The Carbon Market 19.03.2019

The pressure of weakening coal, gas and power prices finally told on carbon, and EUAs closed down yesterday, 18.03.2019, 3% at €21.80.

A large increase in open interest in EU emissions trading system (ETS) allowance call options has been observed in the last days and is likely to have been prompted by a vote in the UK Parliament this week to reject a “no-deal” Brexit. The options buying is likely to have been triggered by a UK parliamentary vote on 13 March, held in the evening after the market had closed, which resulted in members of Parliament (MPs) voting to rule out the UK exiting the EU without a deal.

The vote outcome appeared to reduce the risk that the UK will crash out of the carbon market on 29 March, which would be the default scenario under a no-deal Brexit.
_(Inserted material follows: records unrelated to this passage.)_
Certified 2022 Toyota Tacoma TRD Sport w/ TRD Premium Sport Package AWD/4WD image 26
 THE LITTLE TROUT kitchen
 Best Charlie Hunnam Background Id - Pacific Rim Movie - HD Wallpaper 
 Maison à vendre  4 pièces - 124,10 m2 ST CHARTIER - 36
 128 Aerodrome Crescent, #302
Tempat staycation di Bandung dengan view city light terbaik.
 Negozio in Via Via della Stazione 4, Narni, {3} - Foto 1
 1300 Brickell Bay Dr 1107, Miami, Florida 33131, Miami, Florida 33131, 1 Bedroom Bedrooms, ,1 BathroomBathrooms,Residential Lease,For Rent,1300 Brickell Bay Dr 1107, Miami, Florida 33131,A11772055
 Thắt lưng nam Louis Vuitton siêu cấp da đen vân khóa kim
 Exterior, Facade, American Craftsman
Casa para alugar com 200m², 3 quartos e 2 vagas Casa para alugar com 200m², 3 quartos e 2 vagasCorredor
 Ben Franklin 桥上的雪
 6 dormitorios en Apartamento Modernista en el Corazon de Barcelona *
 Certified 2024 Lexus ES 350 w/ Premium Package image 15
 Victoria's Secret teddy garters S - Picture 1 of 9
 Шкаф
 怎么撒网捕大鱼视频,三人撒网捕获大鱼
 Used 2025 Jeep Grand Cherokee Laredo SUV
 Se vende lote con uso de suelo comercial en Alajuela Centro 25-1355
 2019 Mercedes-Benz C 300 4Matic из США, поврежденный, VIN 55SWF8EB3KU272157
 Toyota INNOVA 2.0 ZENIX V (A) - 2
A no-deal scenario is widely considered to be bearish for EU ETS fundamentals, as UK emitters could sell 50mn-70mn allowances back to the market as they would no longer need these permits for compliance.

By removing the prospect of a no-deal Brexit — at least temporarily — the vote created more bullish sentiment among EU ETS market participants, and triggered the increase in open interest.

For Tuesday, 18.03, we are neutral to bearish: EUAs ended the day back within their key support area at €21.70-21.85 and this may offer some support early tomorrow when trading resumes.